Кроме этих различий переводимости, есть, однако, различия и в самом замысле перевода. Иногда он и не ищет ничего другого, как того, чтобы воспроизвести смысловой костяк стихотворения, разве что присовокупив к этому обобщенное указание на его метрическую и строфическую форму. Такие переводы подводят нас к подлиннику, дают нам сведения о нем и бывают особенно полезны тем, кто знаком, но лишь поверхностно знаком с его языком, отчего их нередко и печатают параллельно с подлинным текстом. В других случаях переводчик задается целью дать эквивалент переводимого стихотворения, т. е. создать на своем языке нечто вполне подобное ему и столь же как оно живое. Только эти переводчики и ставят вопрос во всем его объеме; только они и имеют дело с непереводимым; только их переводы и подводят нас к нему вплотную. Но применительно к таким переводам, раньше, чем спрашивать о их близости к подлиннику, следует знать, принадлежат ли они вообще поэзии, не остаются ли в преддверии ее или совсем за ее порогом.

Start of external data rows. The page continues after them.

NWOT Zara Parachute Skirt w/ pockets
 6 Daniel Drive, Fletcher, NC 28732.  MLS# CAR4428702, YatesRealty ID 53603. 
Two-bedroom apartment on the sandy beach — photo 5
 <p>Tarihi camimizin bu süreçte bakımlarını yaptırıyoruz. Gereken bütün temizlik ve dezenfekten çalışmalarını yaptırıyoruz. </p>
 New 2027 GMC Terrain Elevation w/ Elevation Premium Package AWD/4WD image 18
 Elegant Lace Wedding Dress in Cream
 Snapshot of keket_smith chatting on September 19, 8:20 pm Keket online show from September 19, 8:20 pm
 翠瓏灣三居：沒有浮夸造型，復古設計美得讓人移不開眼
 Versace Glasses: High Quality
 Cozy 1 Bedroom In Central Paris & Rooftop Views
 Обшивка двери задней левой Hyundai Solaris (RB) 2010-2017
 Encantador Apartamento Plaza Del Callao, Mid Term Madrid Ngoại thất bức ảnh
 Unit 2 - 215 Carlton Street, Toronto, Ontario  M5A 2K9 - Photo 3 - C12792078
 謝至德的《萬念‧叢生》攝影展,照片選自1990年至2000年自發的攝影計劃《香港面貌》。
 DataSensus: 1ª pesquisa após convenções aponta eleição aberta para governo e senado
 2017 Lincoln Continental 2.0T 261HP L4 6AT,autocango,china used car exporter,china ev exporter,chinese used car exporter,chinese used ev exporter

В конце 1957-го года, А. А. Биск, выпустивший сборник переводов из Рильке еще в России (в 1919 году), опубликовал в Париже новое, значительно дополненное издание этой книги, которое он посвятил своему сыну, французскому писателю и поэту Алэну Боске. Незадолго до того, в известной серии издательства Пьер Сегерс «Современные поэты» вышла книга самого Алэна Боске об Эмилии Диккинсон, содержащая превосходный критико-биографический очерк, сопровождаемый переводом на французский язык ста ее стихотворений. С отзыва об этих двух книгах вполне уместно будет начать наши размышления, тем более, что в подходе их авторов к своей задаче сказалось то самое различие, о котором только что шла речь.
Перевод Алэна Боске лишь с натяжкой можно назвать стихотворным. Он отказывается от рифм, которые, при всей их скромности и бедности (или может быть как раз в силу этого своего робкого, односложного, но всё же попадающего куда нужно удара) играют в подлиннике большую роль. Он режет свой текст на строчки, по образцу того, как это делает автор, но ритма этих строчек не только не воспроизводит (сделать этого по-французски невозможно), но и не пытается дать нечто ему подобное. Так как рядом с его переводом напечатан (за что его очень надо благодарить) английский текст, то сходство типографского рисунка дает иногда иллюзию ритмического сходства, а для знающих оба языка иллюзию эту может подкрепить предварительное, но несколько беглое чтение подлинника, после чего последовательность французских строчек кажется ритмически совпадающей с последовательностью английских. Стоит, однако, сосредоточиться на английском тексте и начать его медленно читать, хоть и про себя, но так, как стихи должны читаться вслух (вне такого чтения, стихов вообще нет), чтобы иллюзия рассеялась и мы поняли: передан ритм мысли, но не ритм слова. Именно слова, не просто слов; им то и обусловлено живое дыхание стиха, которое отсутствует в переводе.